> [Captioned web images]:
——————————
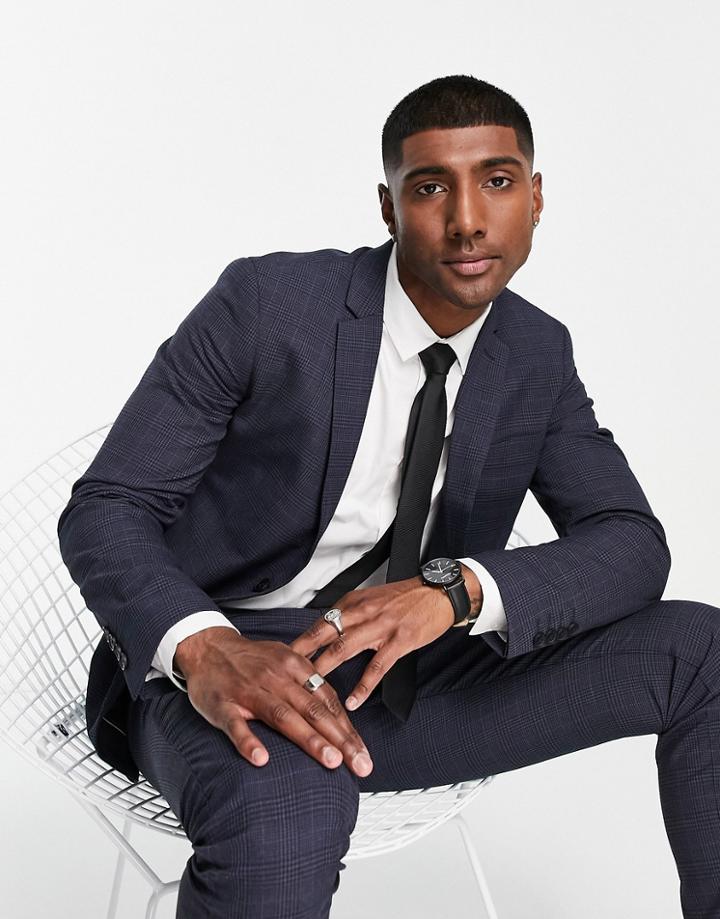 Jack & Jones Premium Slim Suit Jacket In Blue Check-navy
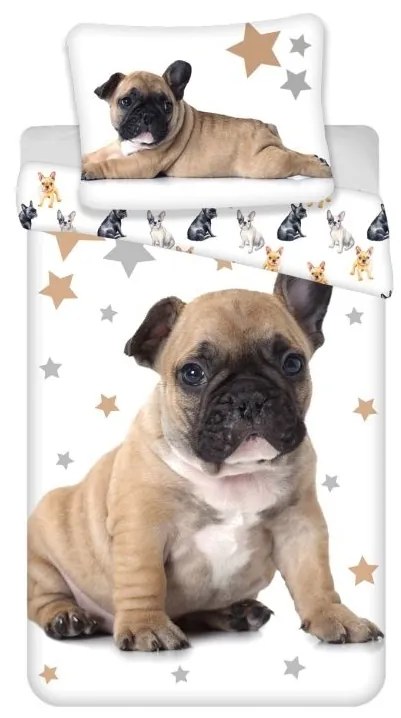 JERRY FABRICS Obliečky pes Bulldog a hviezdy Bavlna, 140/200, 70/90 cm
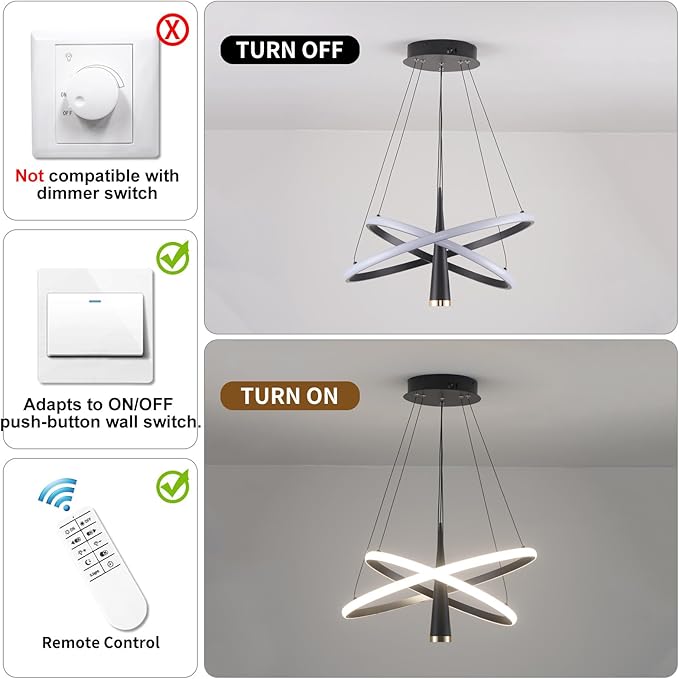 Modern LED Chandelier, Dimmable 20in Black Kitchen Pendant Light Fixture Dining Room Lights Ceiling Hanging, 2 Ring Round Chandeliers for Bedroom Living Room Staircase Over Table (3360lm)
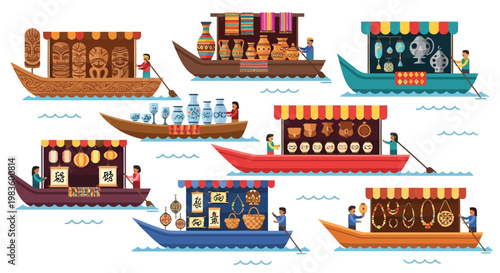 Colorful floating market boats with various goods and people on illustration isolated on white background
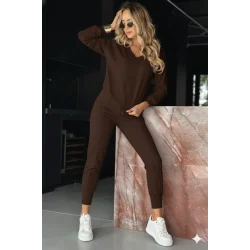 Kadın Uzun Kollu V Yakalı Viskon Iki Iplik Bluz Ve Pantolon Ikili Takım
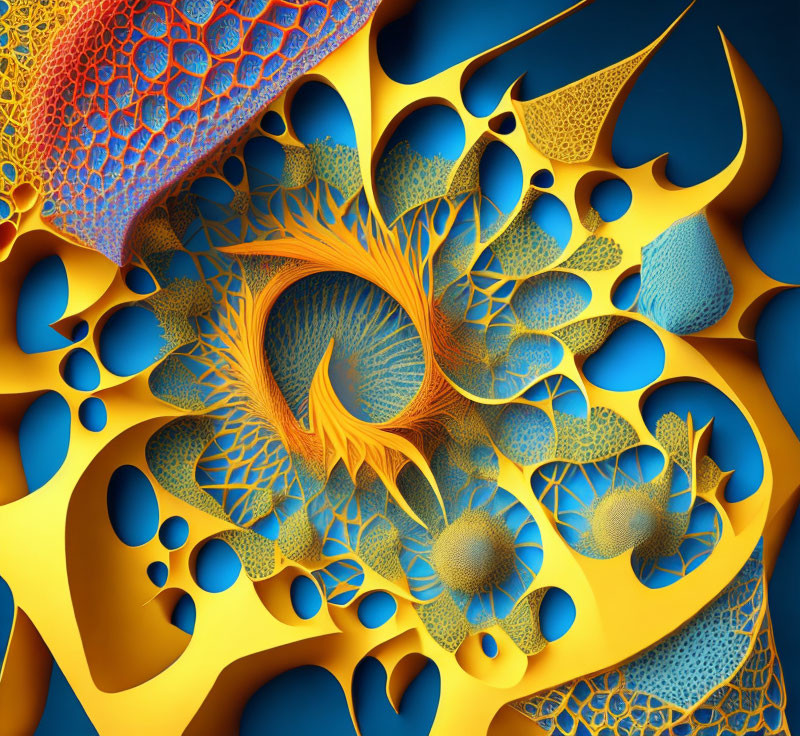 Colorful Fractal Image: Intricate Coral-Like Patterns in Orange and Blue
——————————
Would you print all the entries again exactly, minus any pictures?

> [TASK ANSWER]:
 Jack & Jones Premium Slim Suit Jacket In Blue Check-navy
 JERRY FABRICS Obliečky pes Bulldog a hviezdy Bavlna, 140/200, 70/90 cm
 Modern LED Chandelier, Dimmable 20in Black Kitchen Pendant Light Fixture Dining Room Lights Ceiling Hanging, 2 Ring Round Chandeliers for Bedroom Living Room Staircase Over Table (3360lm)
 Colorful floating market boats with various goods and people on illustration isolated on white background
 Kadın Uzun Kollu V Yakalı Viskon Iki Iplik Bluz Ve Pantolon Ikili Takım
 Colorful Fractal Image: Intricate Coral-Like Patterns in Orange and Blue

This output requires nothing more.